At a meeting held at the Blessed Oliver Plunket hall in South End on the 5 May 1957, the delegates from the EPCFA mooted a name change from EP Soccer Federation to EP Soccer Board. This change was ratified at a meeting on 9 June 1957. The next major change came into effect in 1962 when the AGM held on 9 April that year resolved that units should drop the reference to “race” in their names and all affiliates adopted a non-racial constitution. This was  the EP African Football Association became the PE North Football Association, the EP Indian Football Association became the PE South Football Association and EP Coloured Football Association became the PE Central and District League.


The advent of the Group Areas Act had a severe impact on the EP Soccer Board (EPSB) during the late 60’s and early 70’s as communities were forced to move out of South End, Fairview, North End, Lakeville, Dowerville, Sidwell and Salisbury Park to Gelvandale, Salt Lake, Arcadia. Salsoneville and West End. Clubs like Swans, South End United, Melbourne, Trojans and Primrose all ceased to exist and the PE Central and District Football league became known as the Port Elizabeth Football Association (PEFA).

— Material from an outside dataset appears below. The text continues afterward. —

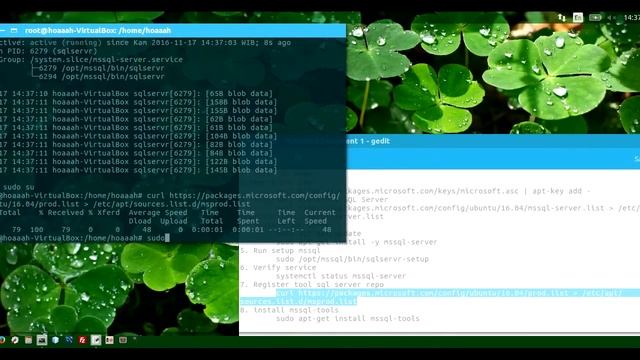 Install SQL Server on Ubuntu Linux смотреть онлайн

In 1974, teams of the West End, Arcadia and Salsoneville area formed the Western Suburbs Football Association (WESFA) and affiliated to EPSB. PE North FA with teams like PE United, CCX Callies, Dodgers, Boast Pirates and Eastern Jumpers left the EP Soccer Board to form the New Brighton Football Association. This introduced a period of splits and the formation of rival bodies until the Kwazakele Soccer Board (KWASBO) was established and affiliated independently to the South African Soccer Federation in 1976.


In 1983 the units in Uitenhage made up of Rosedale, Langa, Kabah, and Kwanobuhle formed the Uitenhage and Districts Soccer Board (UDISBO). As a result, the Eastern Cape then comprised three provincial organizations, namely the EPSB, KWASBO and UDISBO.


The EPSB took the initiative in 1985 to create a single controlling body in the Eastern Cape with the formation of the Eastern Cape Soccer League. Danny Jordaan was elected President, with Ihron Rensburg as Vice-President, Errol Heynes as Secretary, Yusuf Lorgat as Treasurer and Johnson Khula as PRO. Unfortunately, the Eastern Cape experienced serious problems in terms of unrest and repression during 1985 when  teams had to defy the Group Areas Act which sought to prevent clubs from playing outside their own “group area”.


In 1988, the EPSB initiated the formation of a unified Eastern Cape Regional league comprising teams from EPSB, Kwasbo, Udisbo and the Border Soccer Board. A year later the EPSB extended executive was formed to supervise the affairs of all footballers in the Eastern Cape. This body was jointly chaired by Danny Jordaan and Merriman Zuma.


With the dawn of a new democratic society on the horizon, Danny Jordaan and Colin Trader of the EP Football Association were appointed as facilitators to form a unified football body in the Eastern Cape. This initiative gave birth to the formation of SAFA-EP in 1992. The various bodies in the province became known as Districts who were all affiliated to SAFA-EP. The EPSB then had to undergo another name change to become the Northern Areas Soccer Board (NASB).


It retained this name until 2008, when the South African Football Association directed all affiliates to adopt the “Football Association” tag behind their identity. As a direct result, the NASB became NAFA PE – Northern Areas Football Association-Port Elizabeth as it is known today.